- 1 kg Mutton (with bones)
- 4 Onions, finely chopped
- 12 – 14 Red chilies (deseed if you want it less fiery)
- 3 tbsp Coriander seeds
- 2 tbsp Cumin seeds
- 3 tbsp Garlic, crushed
- 2 tbsp Ginger, grated
- 1/2 cup Curd (should be sour)
- 1 cup Mustard oil
- Salt, to taste
- 5 pods, Cardamom
- 1 Tbsp, whole Black Pepper
- 3-4 strands Mace
- 2 pods black Cardamom
- 1″ Cinnamon stick
- Coriander leaves, chopped, for garnish
- red Chillies, whole, for garnish
- Dry roast 12-14 whole red chilies, coriander seeds and cumin seeds. Once roasted grind them together to make a fine powder.
- Heat most of the mustard oil in a pressure pan, after it smokes reduce the heat and add garlic and ginger. Fry for a few seconds and add the mutton.
- After the mutton browns, add salt and curd and keep frying till all the curd gets absorbed and the oil starts leaving the sides.
- While the mutton is browning, in a separate pan, heat the remaining mustard oil, add cardamoms, cinnamon, whole pepper, and mace. Stir for a few seconds and add the onions and fry till they brown.
- After the mutton has browned, and all the water has evaporated, add the red chilli, coriander, cumin powder mix to it and fry till it becomes fragrant. Add the browned onions and keep frying for about 2-4 minutes on low heat.
- Add about 2 cups of water, shut the lid of the pressure pan and allow the mutton to cook for about 20 minutes after the first whistle. Turn off the gas and allow the pressure to drop on it’s own.
- Open the pressure pan, carefully remove the mutton pieces and keep aside. Strain the gravy and remove the khada masala (cardamoms, peppercorns, cinnamon stick). Run the thick paste through the mixer and strain it further.

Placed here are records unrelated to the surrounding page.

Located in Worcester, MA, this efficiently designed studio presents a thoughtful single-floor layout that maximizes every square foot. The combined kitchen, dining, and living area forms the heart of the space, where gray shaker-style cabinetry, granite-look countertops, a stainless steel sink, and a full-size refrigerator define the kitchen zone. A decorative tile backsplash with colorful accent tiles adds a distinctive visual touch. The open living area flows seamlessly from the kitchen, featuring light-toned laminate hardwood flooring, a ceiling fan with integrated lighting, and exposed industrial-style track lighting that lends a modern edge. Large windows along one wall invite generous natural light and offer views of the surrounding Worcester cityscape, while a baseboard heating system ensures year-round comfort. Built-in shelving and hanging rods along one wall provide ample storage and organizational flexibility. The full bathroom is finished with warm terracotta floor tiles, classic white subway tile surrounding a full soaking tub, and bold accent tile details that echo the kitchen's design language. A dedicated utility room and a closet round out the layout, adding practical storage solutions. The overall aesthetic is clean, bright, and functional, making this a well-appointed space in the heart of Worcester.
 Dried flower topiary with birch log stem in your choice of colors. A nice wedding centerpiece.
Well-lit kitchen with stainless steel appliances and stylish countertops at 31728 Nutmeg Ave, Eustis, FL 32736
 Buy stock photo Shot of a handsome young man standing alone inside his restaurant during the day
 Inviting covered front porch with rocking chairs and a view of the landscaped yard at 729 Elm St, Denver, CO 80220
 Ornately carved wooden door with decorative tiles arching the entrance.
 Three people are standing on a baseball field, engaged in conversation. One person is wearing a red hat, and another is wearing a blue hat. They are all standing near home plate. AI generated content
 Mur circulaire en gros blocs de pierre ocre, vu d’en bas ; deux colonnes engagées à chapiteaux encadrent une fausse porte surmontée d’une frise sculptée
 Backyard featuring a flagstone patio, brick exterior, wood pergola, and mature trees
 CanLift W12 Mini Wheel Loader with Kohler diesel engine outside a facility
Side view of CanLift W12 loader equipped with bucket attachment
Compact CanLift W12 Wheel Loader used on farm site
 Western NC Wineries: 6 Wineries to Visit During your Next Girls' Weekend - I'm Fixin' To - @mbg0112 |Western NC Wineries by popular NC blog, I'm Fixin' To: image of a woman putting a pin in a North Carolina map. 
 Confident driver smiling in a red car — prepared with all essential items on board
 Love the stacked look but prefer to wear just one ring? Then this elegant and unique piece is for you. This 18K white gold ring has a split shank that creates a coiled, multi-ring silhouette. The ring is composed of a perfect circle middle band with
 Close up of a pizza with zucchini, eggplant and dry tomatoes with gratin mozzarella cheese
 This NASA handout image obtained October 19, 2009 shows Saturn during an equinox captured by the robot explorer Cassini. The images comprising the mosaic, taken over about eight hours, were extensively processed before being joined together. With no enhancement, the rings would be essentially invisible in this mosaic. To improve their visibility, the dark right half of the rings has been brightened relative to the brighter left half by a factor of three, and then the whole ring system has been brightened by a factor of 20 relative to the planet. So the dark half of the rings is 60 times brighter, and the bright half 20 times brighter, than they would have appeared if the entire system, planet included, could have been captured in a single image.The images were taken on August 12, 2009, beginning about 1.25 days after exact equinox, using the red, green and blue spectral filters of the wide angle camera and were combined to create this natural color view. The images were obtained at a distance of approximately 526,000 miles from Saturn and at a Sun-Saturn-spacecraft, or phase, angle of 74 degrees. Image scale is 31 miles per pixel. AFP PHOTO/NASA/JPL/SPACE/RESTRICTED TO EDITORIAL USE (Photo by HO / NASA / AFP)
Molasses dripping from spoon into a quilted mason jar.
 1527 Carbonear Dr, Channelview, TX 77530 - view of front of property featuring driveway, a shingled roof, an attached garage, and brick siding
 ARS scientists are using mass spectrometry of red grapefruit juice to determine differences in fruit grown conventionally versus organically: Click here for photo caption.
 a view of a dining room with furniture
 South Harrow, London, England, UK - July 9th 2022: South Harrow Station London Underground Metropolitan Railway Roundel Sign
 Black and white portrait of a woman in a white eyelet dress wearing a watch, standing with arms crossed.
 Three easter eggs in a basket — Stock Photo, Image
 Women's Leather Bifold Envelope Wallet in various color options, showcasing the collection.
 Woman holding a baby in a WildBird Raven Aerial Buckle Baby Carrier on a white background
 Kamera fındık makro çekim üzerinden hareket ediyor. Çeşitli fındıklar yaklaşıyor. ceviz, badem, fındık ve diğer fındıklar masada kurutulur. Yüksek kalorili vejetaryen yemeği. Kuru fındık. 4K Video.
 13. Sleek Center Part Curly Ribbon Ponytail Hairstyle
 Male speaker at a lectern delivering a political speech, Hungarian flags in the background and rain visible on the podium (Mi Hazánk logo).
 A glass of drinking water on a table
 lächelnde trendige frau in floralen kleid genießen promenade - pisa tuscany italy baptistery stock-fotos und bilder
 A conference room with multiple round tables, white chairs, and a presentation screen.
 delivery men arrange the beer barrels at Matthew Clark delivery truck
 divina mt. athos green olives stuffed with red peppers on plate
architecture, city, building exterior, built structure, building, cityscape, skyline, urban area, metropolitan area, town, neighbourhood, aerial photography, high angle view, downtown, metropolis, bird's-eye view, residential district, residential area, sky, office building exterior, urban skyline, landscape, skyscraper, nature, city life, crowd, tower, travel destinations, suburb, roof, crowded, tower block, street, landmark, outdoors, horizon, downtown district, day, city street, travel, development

Straining the gravy this way gets rid of the whole spices and keeps the essence and flavours intact.
- Put the pressure pan back on the stove, add the mutton pieces and the strained gravy to it. Taste for salt and adjust. Allow the mutton to cook on low heat till it becomes very tender. Adjust the consistency of the gravy by adding warm water if needed.
- After the mutton is cooked, remove the mutton and the red gravy in a bowl and garnish with chopped coriander and whole red chilies.
- Serve with hot Bajra roti or wheat rotis. It also tastes good with steamed rice.
- Traditionally, laal maas was made with wild game meat, such as boar or deer and chilies were used to veil the gamey odour of the meat. It was a favourite among the royals. While the spicy flavour has remained intact now the meat used is tender mutton.
- Traditionally, a fruit called Kachari is used which not only tenderises the meat but also gives a tang to the dish, but since it’s available only in some parts of India (Madhya pradesh and Rajasthan) sour curd is a good substitute for Kachari.